Por Ricardo González Vigil
Fuente: El Comercio, Lima 23 de mayo 2004
Devastado lentamente por una penosa dolencia de varios años, acaba de fallecer, el 21 de mayo, uno de los grandes poetas peruanos: Javier Sologuren (Lima, 1921).
Su contribución brilla imponente. En primer lugar, erigió uno de los monumentos de la poesía peruana e hispanoamericana, en general de la segunda mitad del siglo XX: Vida continua, cuyo título englobó toda su obra poética, a lo largo de más de cincuenta años de fecunda cosecha. Pródiga en voces relevantes (Blanca Varela, Romualdo, Rose, W. Delgado, S. Salazar Bondy, G. Válcarcel, F. Bendezú, P. Guevara, señaladamente), la Generación del 50 ostenta como su trío máximo de artífices del idioma, espléndidos desde sus primeros libros, complejos y originales, a Sologuren, Eielson y Belli.
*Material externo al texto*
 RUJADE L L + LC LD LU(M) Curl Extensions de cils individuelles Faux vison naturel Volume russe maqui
De modo superficial se ha querido encasillar a Sologuren como poeta puro (formando pareja con Eielson), cuando su registro creador cubre los niveles más diversos de la experiencia, testimonio intenso de la continuidad de la vida, conforme lo subraya el nombre con que reunió su obra. Algunos poemarios resultan particularmente despojados del alambique (abstracto y hermético) del purismo: Otoño, endechas (1959) y Estancias (1960); o expresan las tribulaciones existenciales (el fuego del amor, el paso del tiempo con su secuela de muerte) sin excluir alusiones al contexto social e histórico: Surcando el aire oscuro (1970), Folios de El Enamorado y la Muerte (1980), El amor y los cuerpos (1985) y Un trino en la ventana vacía (1992). Más aun: sus textos más totalizantes, y acaso más admirables, fusionan lo individual y lo colectivo, lo estético y lo ético-cognoscitivo, a manera de balance vital y memoria cultural: Recinto (1967), La hora (1981) y Tornaviaje (1989).
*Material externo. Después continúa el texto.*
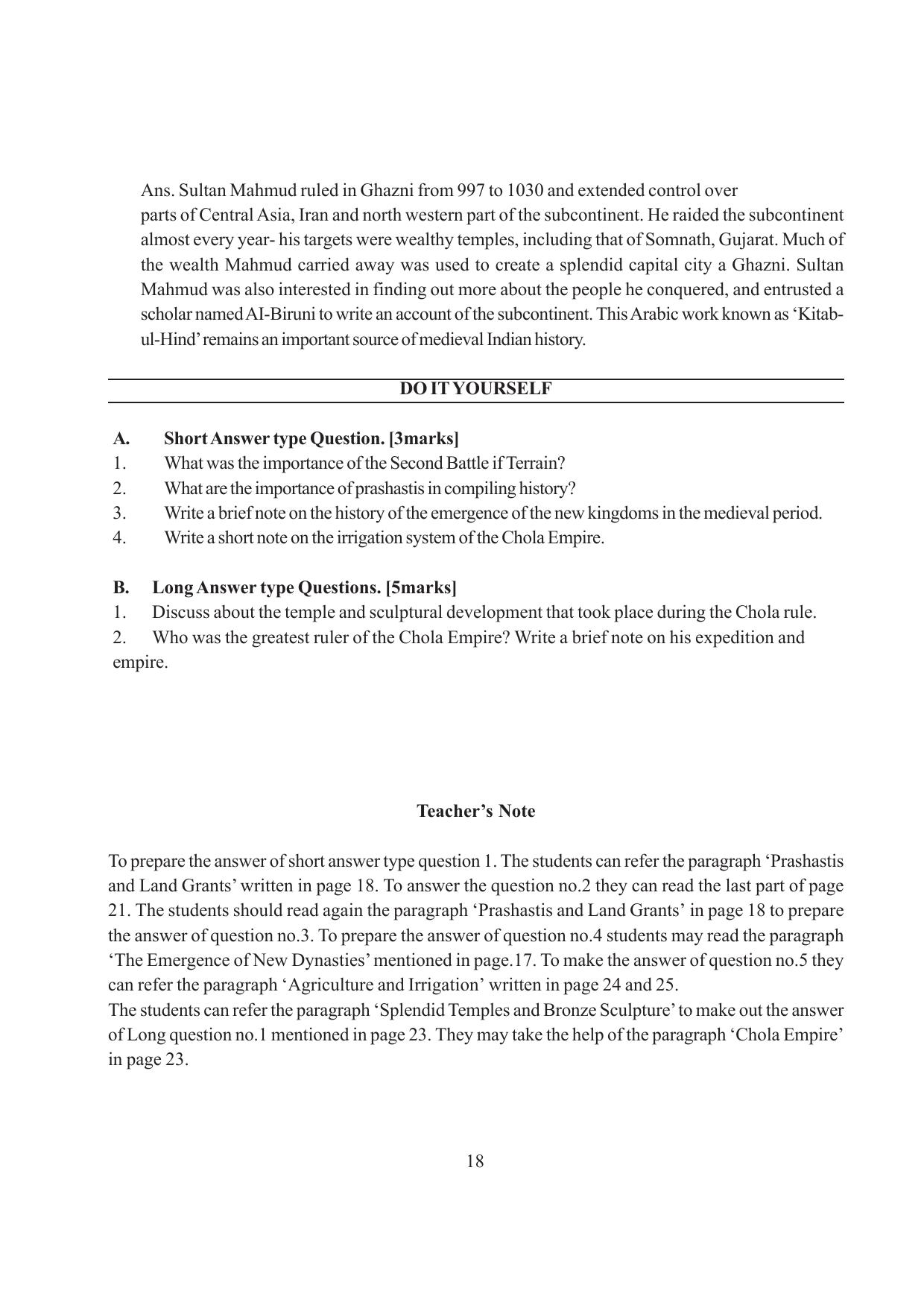 Tripura Board Class 7 Social Science English Version Workbooks - Page 18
Añádase su capacidad para asimilar la poesía japonesa y la espiritualidad oriental, hermanado con Octavio Paz y con Eielson en ese diálogo Occidente-Oriente. También, su exploración incesante de los recursos poéticos: desde sonetos y haikus, hasta poemas visuales y prosas apátridas.
Otros aportes destacables le debemos como editor (sello La Rama Florida), diagramando e imprimiendo él mismo más de cien títulos, la mayoría de los jóvenes a los que estimuló en sus primeros pasos (figuras del 50, 60 y 70); como traductor, sobre todo de autores franceses y japoneses (mereciendo distinciones por esa labor) y como director de las revistas Creación & Crítica (codirigida con los poetas Ricardo Silva-Santisteban y Armando Rojas) y Cielo Abierto.
Un rubro especialmente notable, no suficientemente señalado por sus estudiosos, tiene que ver con su talento para la crítica literaria: criterio ponderado, amplitud de mira, sensibilidad y buen gusto. Le debemos artículos y reseñas penetrantes; igualmente, antologías sustanciosas, descollando ahí la que, en 1946, publicó con los entonces jóvenes Eielson y Salazar Bondy, fijando el elenco central de los forjadores de La poesía contemporánea del Perú, adelantándose a los alcances de Luis Monguió y Alberto Escobar.